Measurement of OCR and ECAR. The OCR and ECAR were respectively in real time determined with the Agilent Seahorse XFp (Seahorse Bioscience, Agilent). Cells (8×103/well) were seeded in a XFp FluxPak, and then allowed to attach overnight. According to the manufacturer’s protocol, the XFp Cell Mito Stress Test Kit and Seahorse XFp Glycolysis Stress Test Kit (Seahorse Bioscience, Agilent) were used to assessed OCR and ECAR. Both OCR and ECAR measurements were normalized to cell numbers.
Fluorescence Imaging of PAC-C and PAC In Vivo. All animal experiments comply with the NIH Guide for Care and Use of Laboratory Animals. Meanwhile, all experiments were approved by the Committees for Ethical Review of the Fourth Hospital of Harbin Medical University(2021-SCILLSC-21). For the subcutaneous tumor formation assay, 786-O cells (5×106 cells in 200 µL of PBS) subjected to different treatments were injected subcutaneously into the BALB/c nude mice. After the tumor grew to 150 mm3, the mice were injected with 200 µL of PAC-C and PAC (200µM, PBS: DMSO = 98:2 per mouse) through i.v. injection. After injection for 4, 12, 24, 48, and 72h the fluorescence imaging of mice was observed by a CRi Maestro 2 multispectral fluorescence small animal in vivo imaging system. Meanwhile, The biodistribution of major organs was further shown at 24 h post-injection.
Immunohistochemistry. Paraffin-embedded sections of excised ccRCC specimens were immunostained for PKM2 (Proteintech, 15822-1-AP) and OGA protein (Proteintech,14711-1-AP). Staining was performed with the streptavidin biotin peroxidase complex method and according to the manufacturer’s recommendation (Dako, Denmark). The staining was analyzed under a microscope (DP80, Olympus, Japan). Image-Pro Plus (6.0.0.260) was used for quantitative analysis.

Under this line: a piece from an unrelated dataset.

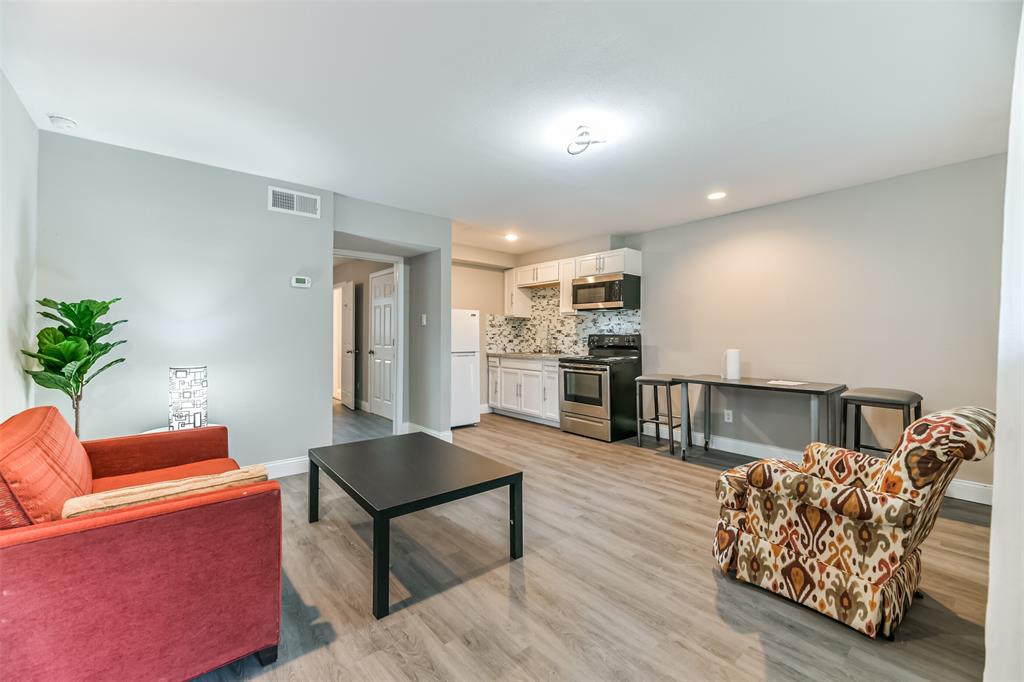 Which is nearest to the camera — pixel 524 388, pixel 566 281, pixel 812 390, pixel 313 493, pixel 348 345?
pixel 313 493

Migration and Invasion Assay. Cells (1×105/well) were seeded into upper chambers with 200µL non-FBS cell culture medium which contained PBS, PAC-C, and PAC (50µM, medium: DMSO = 99.5:0.5 v/v), respectively. Matrigel invasion assay precoated with matrigel into upper chambers. 700 µL culture medium containing 10% FBS was added to the lower chamber and cultured at 37°C for 24 hours. Cells on the bottom surface of the inserts were fixed with 4% paraformalde hyde for 15 min and stained with 0.05% crystal violet for 20 min. Then, the number of migrated cells in the bottom surface were counted.
Antitumor Efficacy Assay In Vivo. Tumor-bearing mice were treated with PBS, PAC-C, and PAC (10mg/kg) every 2 days via i.v. administration for five times, respectively. The tumor volumes were measured every 7 days during the experiment.
Establishment of sunitinib-resistant experimental animal models. For the subcutaneous tumor formation, 786-O cells (5×106 cells in 200µL of PBS) subjected to different treatments were injected subcutaneously into the BALB/c nude mice. After the tumor grew to 50 mm3, start sunitinib treatment (30mg/kg). When tumor volume returned to before sunitinib treatment, it was proved that mice were resistant to sunitinib.
Statistical Analysis. All the data are reported as the mean ± Standard Error of Mean (SEM). The in vitro and in vivo experiments were performed at least three independent technical replicates. Student’s t-test and one-way ANOVA analysis were applied. The level of significance was defined at *p < 0.05, **p < 0.01, and ***p < 0.001.
Data availability
The data that support the findings of this study are within the Article, Supplementary Information, or available from the corresponding author upon reasonable request.